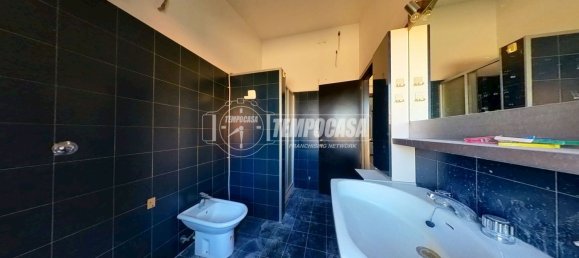 Квартира с 3 спальнями в Монтегранаро, Италия № 323095 13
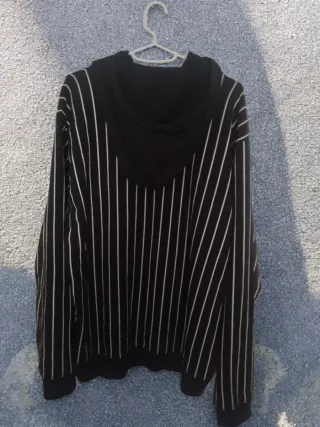 Sudadera Negra con Rayas Blancas Talla L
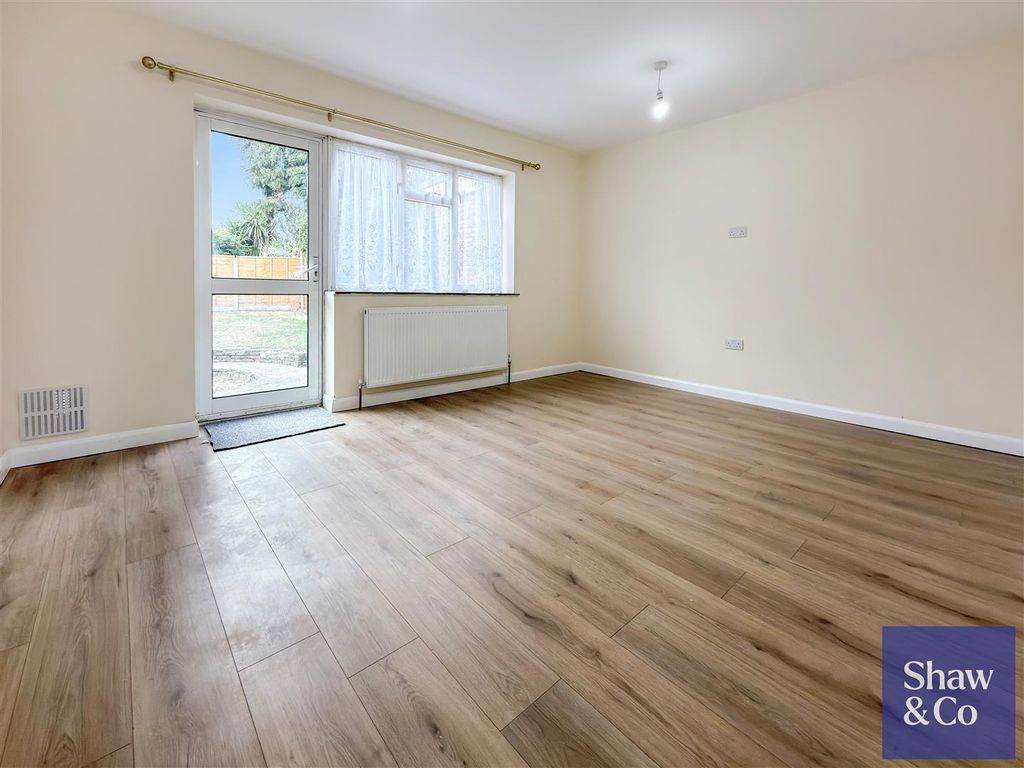 Property photo 2 of 10 Avpqtjjsw4Rhzhco.Jpg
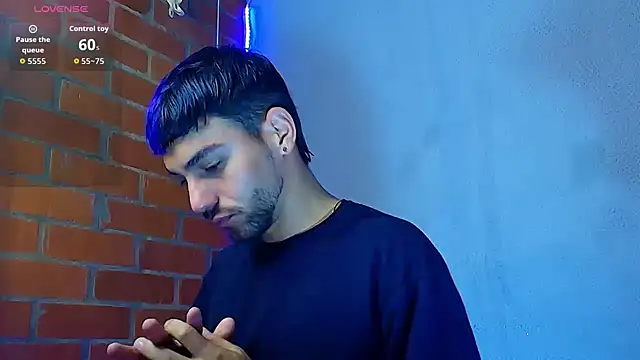 Leandro valenzuela online show from December 2025 05:37:01 AM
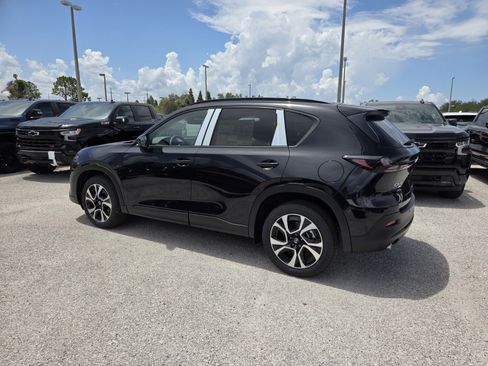 New 2026 MAZDA CX-5 Preferred AWD/4WD image 8
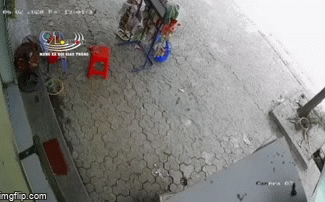 2 người đàn ông nằm bất động trước cửa nhà dân, camera an ninh bóc vụ tai nạn kinh hoàng-1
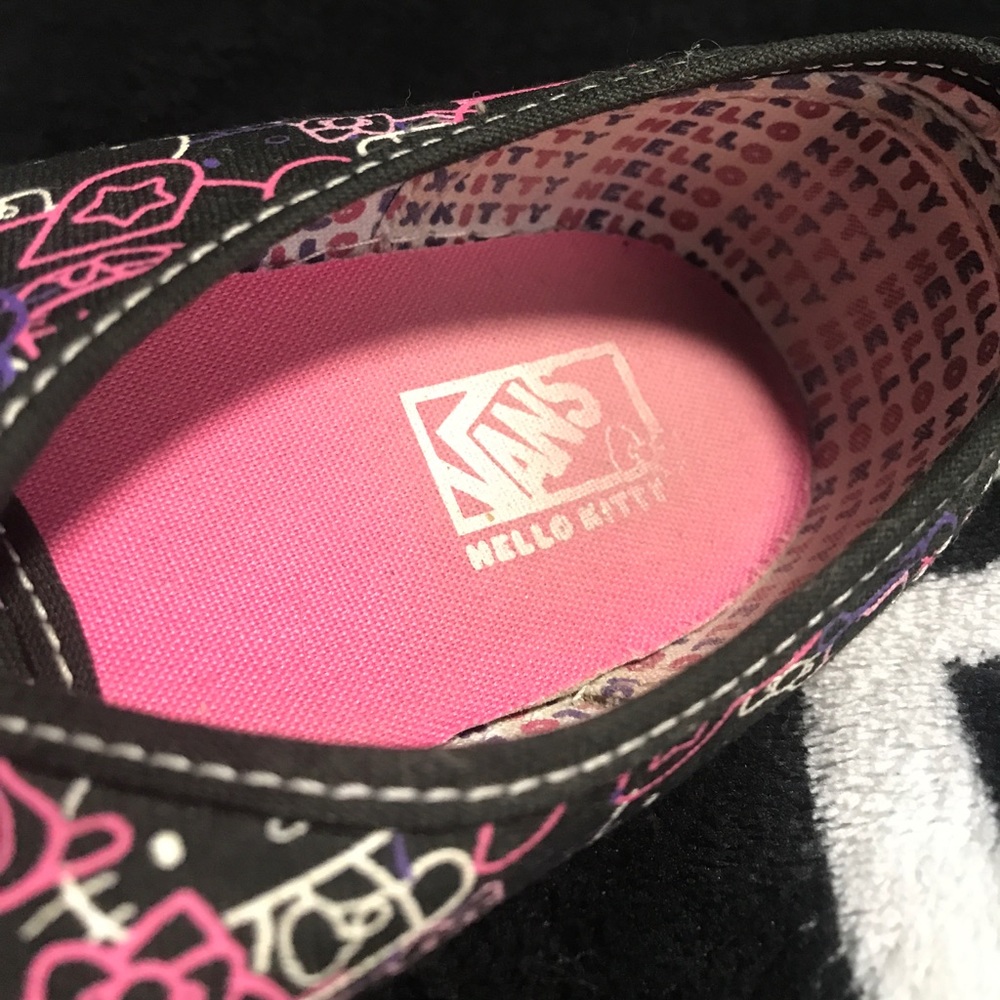 Hello Kitty Vans - Picture 3 of 4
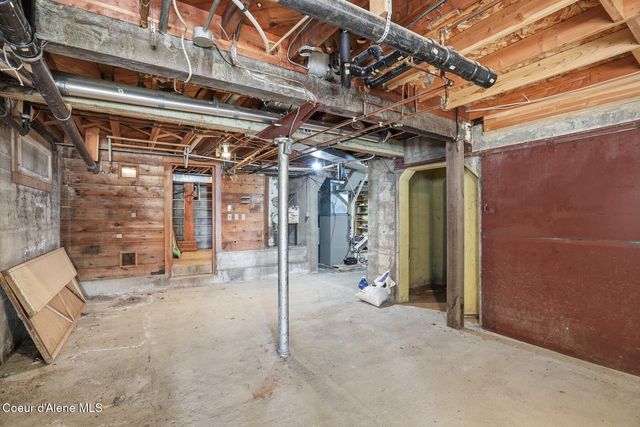 1020 Mill St, Wardner, ID 83837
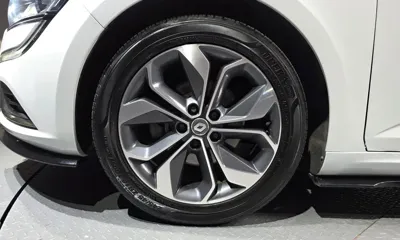 Renault-KoreaSamsung SM6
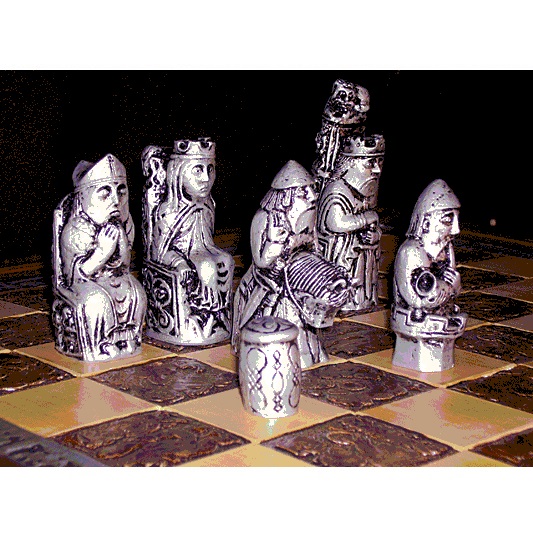 _Pieces-de-jeu-d-echecs-GOTHIQUE-avec-dorures-vue-1.jpg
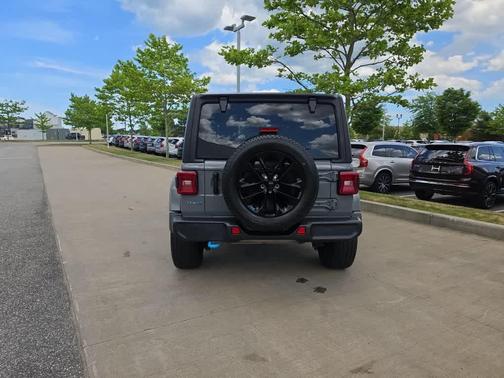 Sting Gray Clearcoat 2023 Jeep Wrangler 4xe Sahara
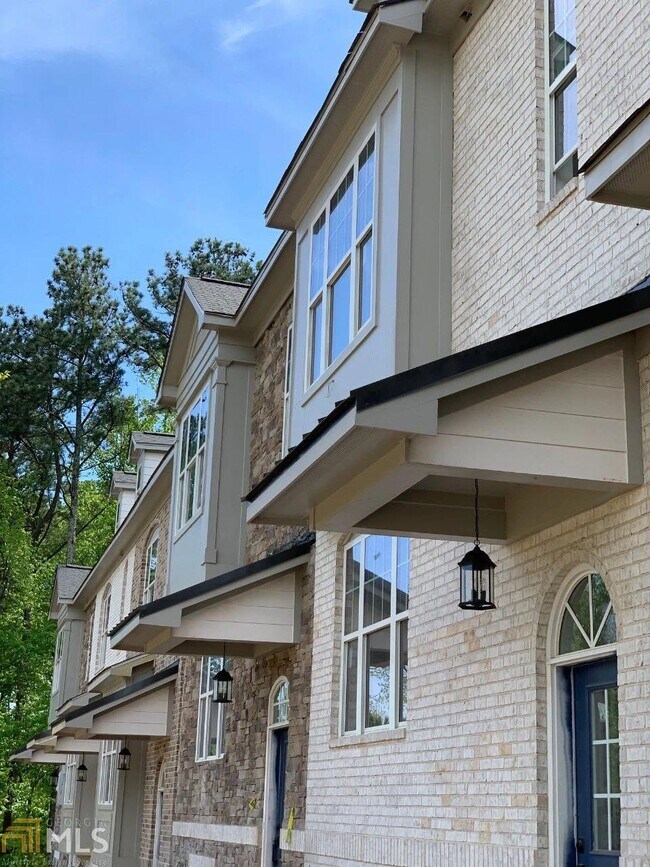 Building Photo - 140 Wren Dr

=-=-=-=-=

[Task prompt]
Reproduce exactly the lines that run from the line holding "Hello Kitty Vans - Picture 3 of 4" through the final line of the entries, and omit every picture.

[Completed exercise]
 Hello Kitty Vans - Picture 3 of 4
 1020 Mill St, Wardner, ID 83837
 Renault-KoreaSamsung SM6
 _Pieces-de-jeu-d-echecs-GOTHIQUE-avec-dorures-vue-1.jpg
 Sting Gray Clearcoat 2023 Jeep Wrangler 4xe Sahara
 Building Photo - 140 Wren Dr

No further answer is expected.